My boss came in today and told me that Thursday morning (the morning after my Wednesday evening shift) the dog had no water what so ever. I told her that unfortunately that dog is known for drinking a lot and I did fill her bowl up before I left. She says it still made no sense how the dogs water bowl was empty. I told her that the dog must have been thirsty, since it is not unusual that we open and see that nothing is there the next morning. I told her that we leave at 6pm. The next person does not arrive until 6am. That’s 12 hours of no one around. And big dogs are usually the first to be attended to. So small dogs are last. At this she said that she was with small dogs at 7:30am. Which I told her was 13 1/2 hours, plenty of time for the dog to have drank all the water. She told me that the dog still had water on Friday night when a different employee closed. I responded by telling her that we can’t make judgments on how a body works, because some dogs can be more thirsty and hungry one day and the next they are not.
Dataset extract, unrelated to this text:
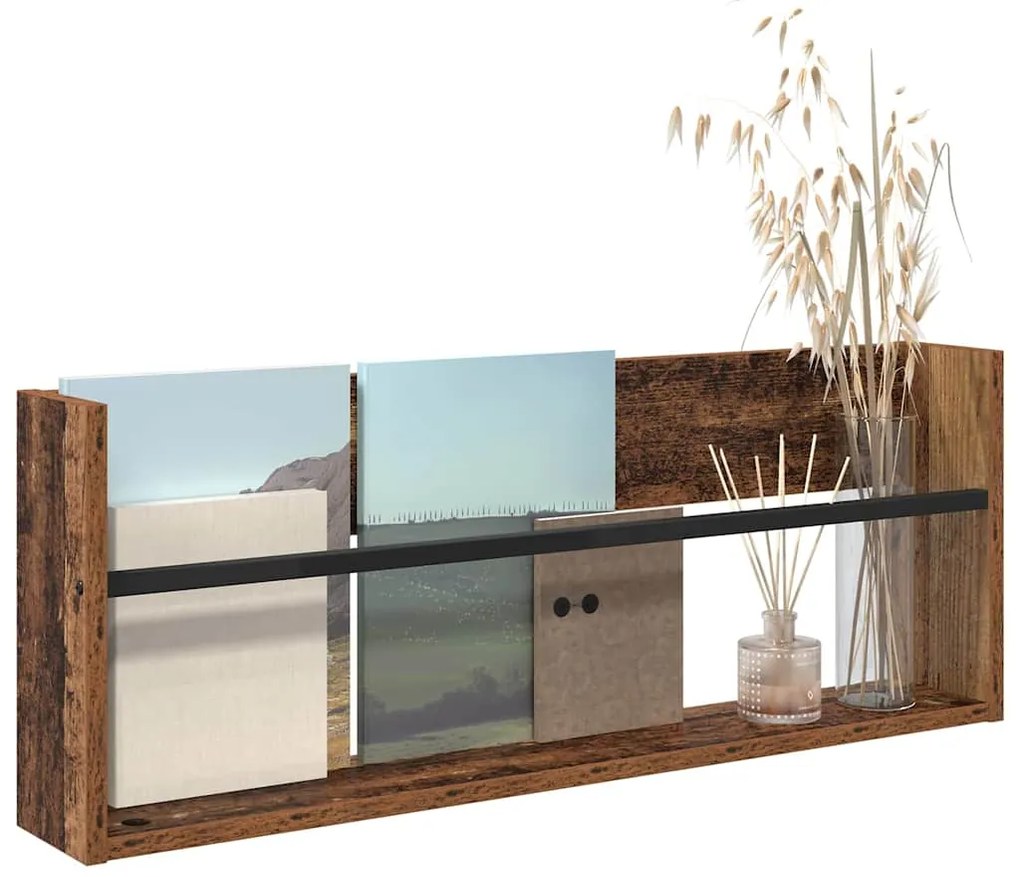 vidaXL Ράφι Περιοδικών Παλιό ξύλο 80 x 12 x 30 εκ Επεξεργασμένο ξύλο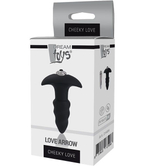 Черная анальная вибровтулка Single Speed Love Arrow Plug - 9,8 см.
So her argument still doesn’t tell me how this was my fault. I told her the only way this could have been my fault is that I failed to give the dog a different bowl. But I didn’t since we never do and we almost always get the same results.
In the end, I didn’t sign my write up. And I’m not going to. She said I can’t always explain my way out of things. I normally don’t argue my way out of things and I have no problem signing a write up if I truly made a mistake. I just find it hard to believe that this was something that was my fault. I know what I did and how I did it. I never in 3 years have had a problem with giving a pet water. I have to talk to my manager Tuesday about this. My manager does not truly like me. So I know she will not even hear my case. I know Tuesday will be the day that I am left without a job. Because I will be quitting. I will not be signing that write up.
Am I wrong? Is this really my fault? I really don’t know if what I’m doing is the right thing. But I feel like it is.